Un exhausteur universel

« Ce qui est plus délectable au goût est meilleur à la digestion »5. Cette phrase de Magninus de Milan citée par Jean-Louis Flandrin devrait devenir notre credo. À l’époque médiévale, selon les anciennes conceptions diététiques héritées d’Aristote, on considérait comme grossier tout ce qui était lourd, terrestre, consistant. Les sauces acides étaient appréciées car légères, donc plus digestes et plus délectables. L’acidité rafraîchit le palais, assainit la bouche et fait saliver. Comme le sel, mais avec moins d’effets nocifs, elle est un exhausteur. Présente dans les fruits, les légumes et certaines variétés d’herbes et de salades, jamais dans les viandes ou les poissons, l’acidité est une des bases universelles de l’assaisonnement.

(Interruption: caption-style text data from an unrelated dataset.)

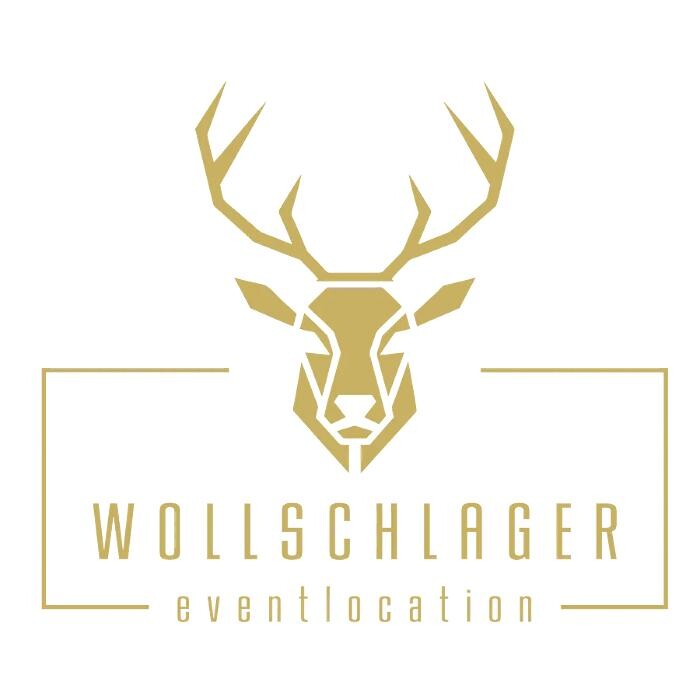 Bilder Wollschlager Eventlocation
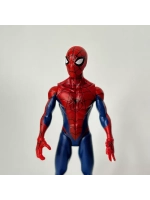 Фигурка Человек Паук Spider Man Марвел ZD Toys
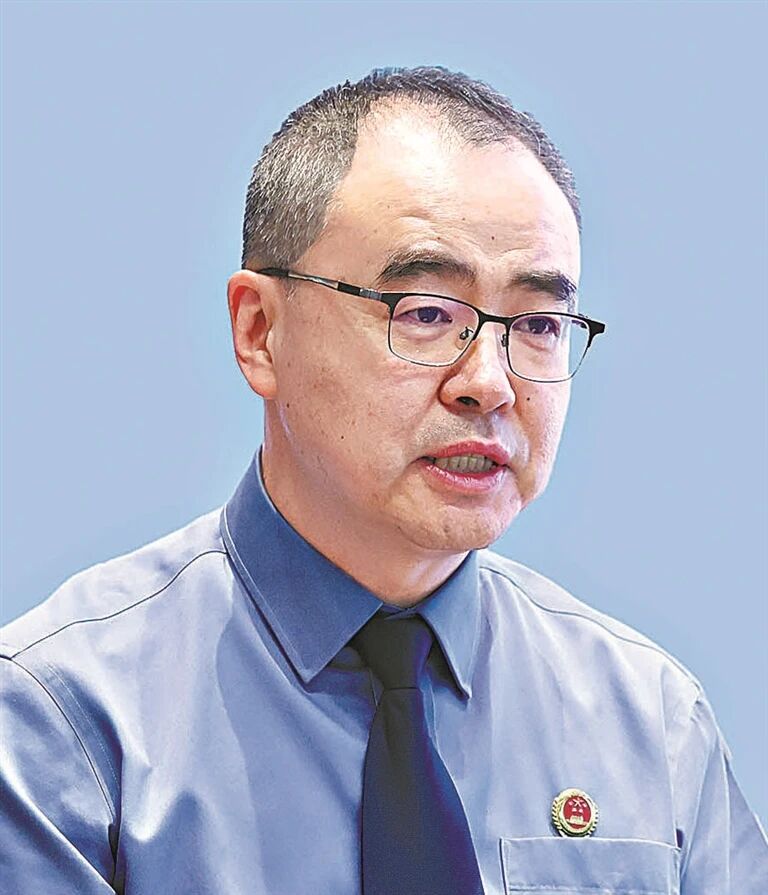 南宫28官网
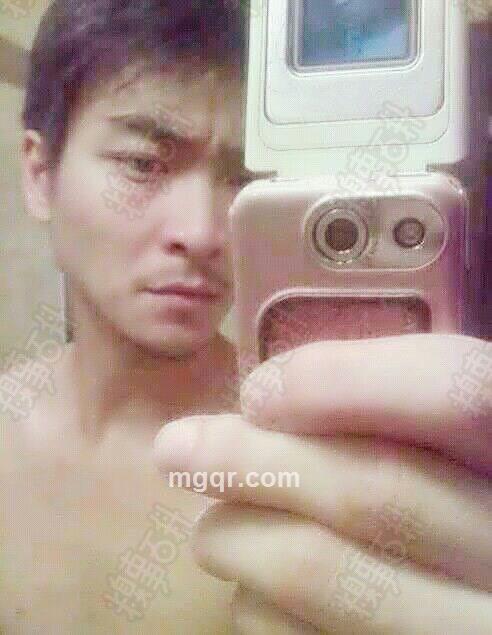 6一000一二四的头像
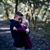 Katie Schiavone-Steckelberg's profile image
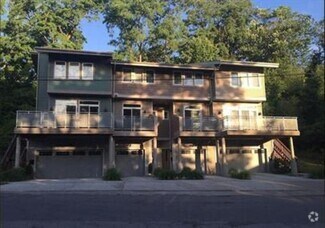 Building Photo - 2874 W 11th St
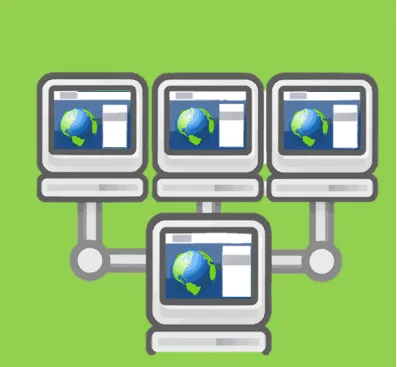 Curso de Procedimientos de diagnóstico de averías en dispositivos de interconexión de redes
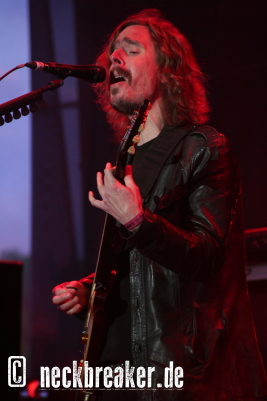 live 20170604 0802 opeth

1, 2, 3. Jean-Louis Flandrin, Fêtes gourmandes au Moyen-Âge, Imprimerie nationale, 1998.
4. Michel Troisgros, La cuisine acidulée de Michel Troisgros, Livre de Poche.
5. Regimen sanitatis, Magninus de Milan cité par J.-L. Flandrin, ibid.

Relevez vos plats !

Une touche acide peut suffire à satisfaire notre besoin de fraîcheur. il en existe de nombreuses variétés, Voici les plus répandues.

Le citron

Le citron, ou acide citrique, sert de référence pour former les sujets à la saveur acide lors d’analyses sensorielles. S’il est souvent utilisé pour réveiller les papilles, il ne possède pas une longue persistance aromatique.

Le yaourt

Le yaourt, ou acide lactique, est l’acidité du lait fermenté. C’est une acidité douce que l’on trouve dans les produits laitiers et notamment les fromages au lait cru. Elle est facile à utiliser car elle se présente sous de multiples formes.

La pomme

La pomme, ou acide malique, est une saveur acide particulièrement prononcée, un peu dure, végétale, qui correspond à la granny-smith ou à des raisins encore verts. Cette note acide s’utilise comme note de fond car sa perception est plus longue. De nombreux industriels de l’agroalimentaire utilisent souvent deux acides en même temps, notamment dans l’industrie des confiseries, car l’un fait office de première sensation tandis que l’autre maintient la perception de fraîcheur (Christine Chèné, Deux acides plutôt qu’un, Ria n° 688, mars 2008.).

Le vinaigre

Le vinaigre, ou acide acétique, est le seul acide à posséder à la fois une odeur et une saveur. Le vinaigre n’est pas seulement de vin, il peut être aussi de cidre ou de fruits (framboise, cerise, groseille).